The issue is simple enough for the majority of us who use Windows 10 with a single display. (Portable or desktop, it doesn’t matter.) If the resolution of the display on that PC is high enough, and the physical size of that display is small enough, then you’ve got what’s called a high DPI display. And you will need to scale the UI in order to make commonly-used interfaces—icons, buttons, text, whatever—readable and usable.

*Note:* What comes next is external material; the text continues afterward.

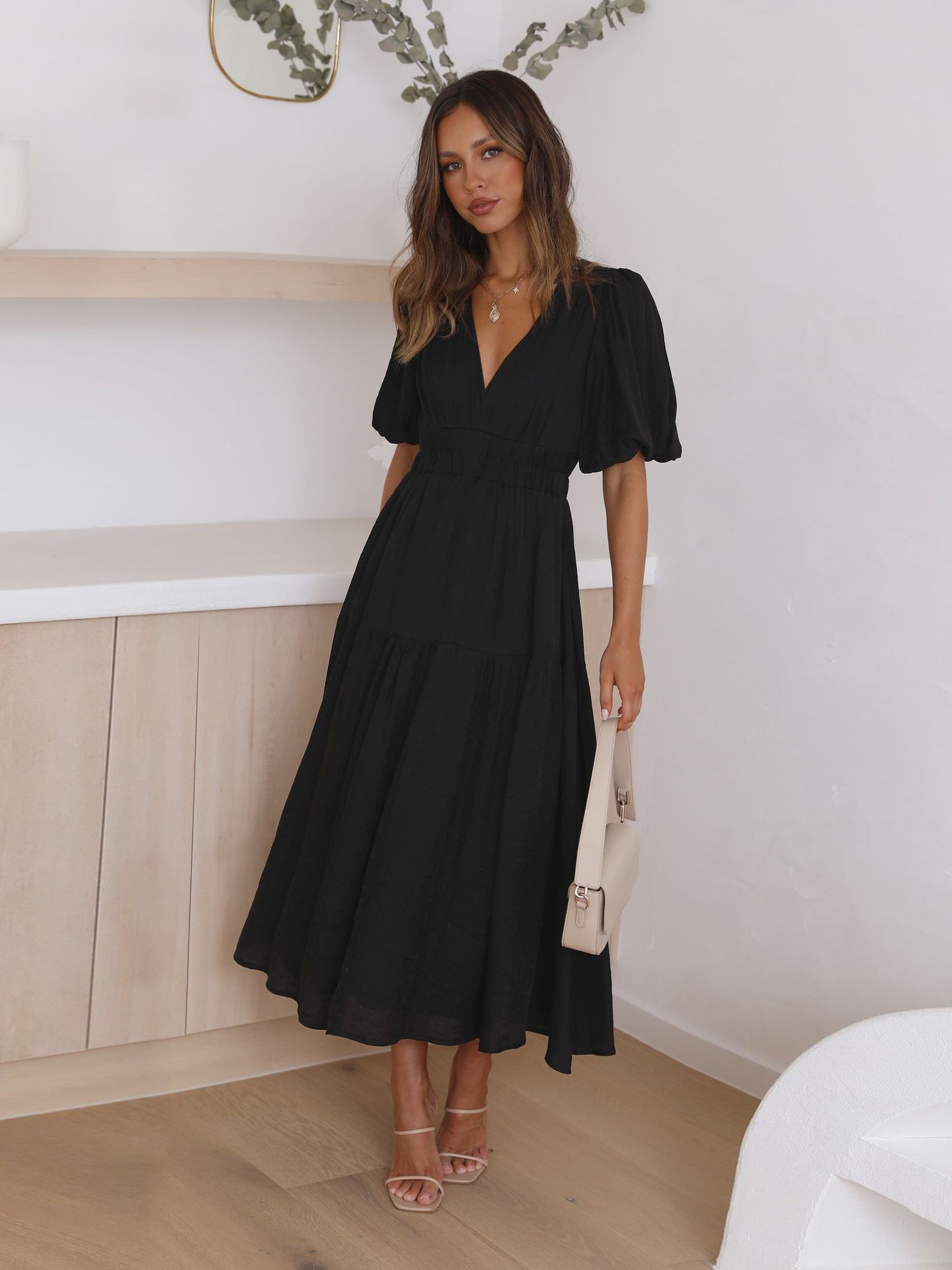 High-Grade Long Dress Ruffled Lantern Sleeves V-Neck Holiday Beach Dress Women
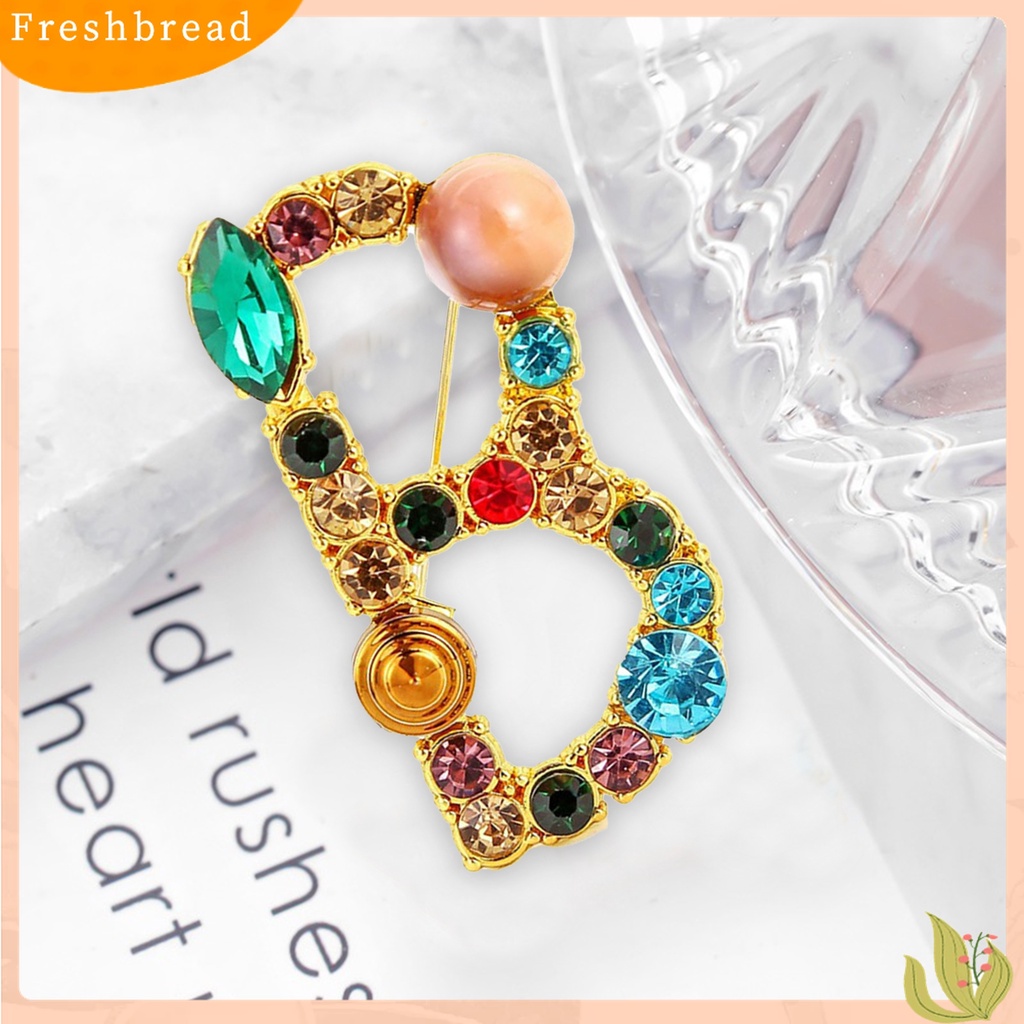 [ TERLARIS]Brooch Exquisite Beautiful Colorful Letter Brooch Pin for Banquet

Where this functionality falls apart is legacy apps, especially older desktop applications that have never been updated for these modern display types. For example, my well-worn copy of Adobe Photoshop Elements 11 still works just fine on my desktop PC, where the display scaling on the 27-inch 1080p display is set to 100 percent. But on modern portable computers, like Surface Book, the menus and other onscreen interfaces are too tiny to read or accurately select because this app doesn’t scale. I had to buy a more modern version, Photoshop Elements 14, to use on these devices. That version
does scale.
I mention a coincidence. Just yesterday,
Microsoft published yet another lengthy blog post describing the challenges of high DPI displays and how it is continually improving the OS to make it better. Speaking of challenges, I challenge you to actually read it. It’s dense, and tough-going. But if you slog through all of it, the conclusion is obvious enough: Microsoft will never really fix this problem. Not really.